Make informed choices. Although I am more conscious of the food I eat now, and I aim to have more (if not all) organic, “real” food in my diet, I don’t want to give the impression that I never eat at restaurants or visit Starbucks (I make a daily Sbux run, in fact). I do. And, I don’t use those times as opportunities to pig out on junk. Now that I am more informed on what foods I want to eat, and which foods/chemicals/ingredients I don’t want in my diet, I’m able to find something I want to eat on just about any menu. I’m not afraid to ask for sauce or dressing on the side, or for grilled meat instead of fried. Most places will do any of that if you ask. Don’t make the same mistake I did years ago and use the convenience aspect of restaurants and fast food to stay stuck in an unhealthy cycle of eating. Arm yourself with knowledge (like the nutritional data I suggested above, or knowing what factors make you bloat or gain weight, if you’re keeping track of your progress as I mentioned before), and give yourself the best possible chance to succeed in any environment.
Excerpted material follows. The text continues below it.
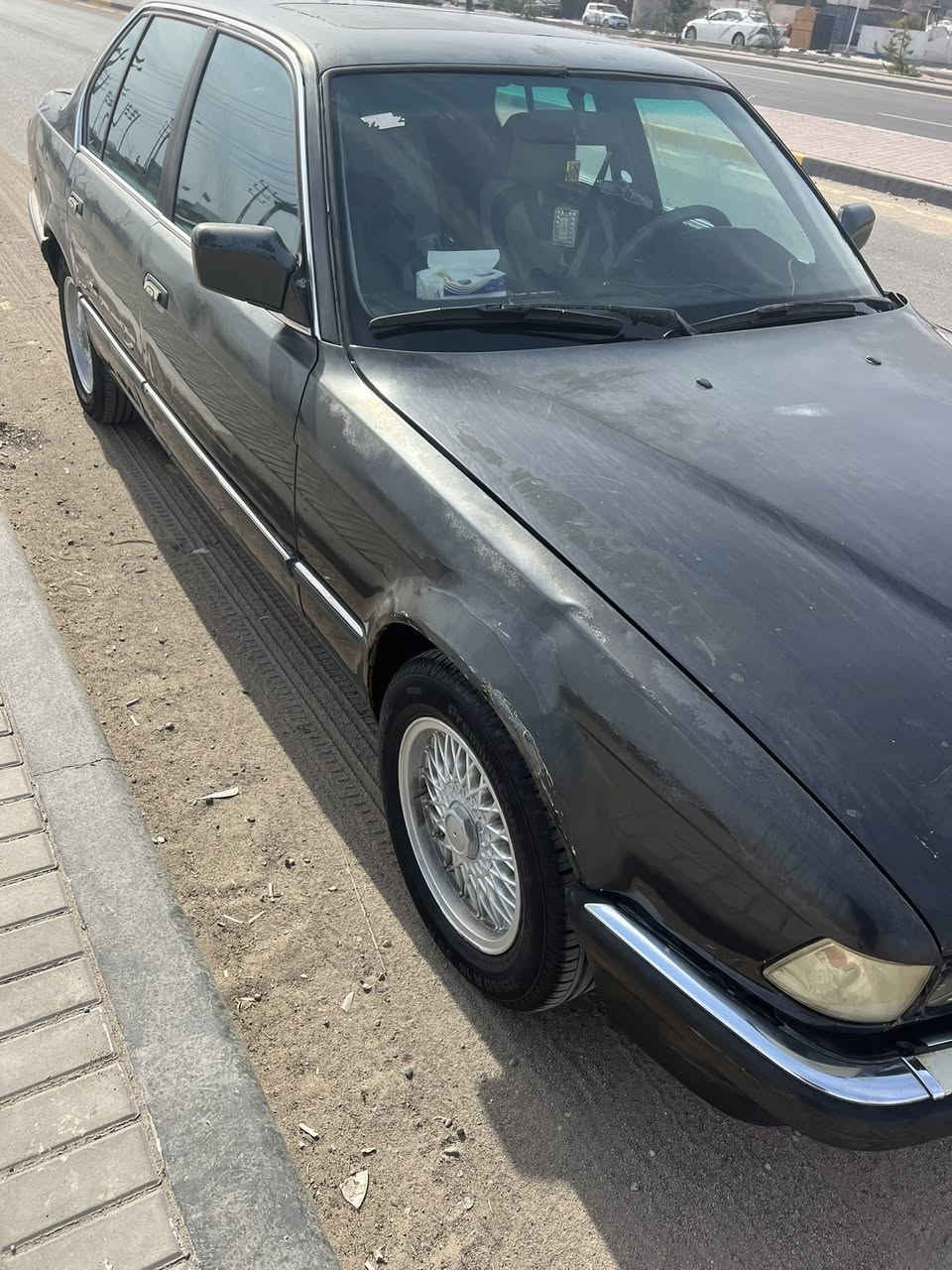 سلام عليكم BMW735اصل بلادية رصاصي جاردة محرك كير خدادية تبريد للعلم السيارة محورة غاز وبانزين تخم تاير كهرباء كاملة للعلم  بيهة حائز ثالث موجود بكربلاء وعندي وكاله من الحائز الثالث سعرها 30$***********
I know that none of this mentions exercise. And, to be honest, my work up until this point hasn’t really considered exercise. I have made it a goal for myself to begin regular walking/jogging/running so that I can build endurance and strength, and hopefully tone things up. If you’re looking to lose weight or improve your health, I wish you all kinds of luck and would be happy to try to answer any questions you have, from my experience. Again, I’m by no means an expert, but I have been on this journey with success for a few years now, so I may be able to help in some way.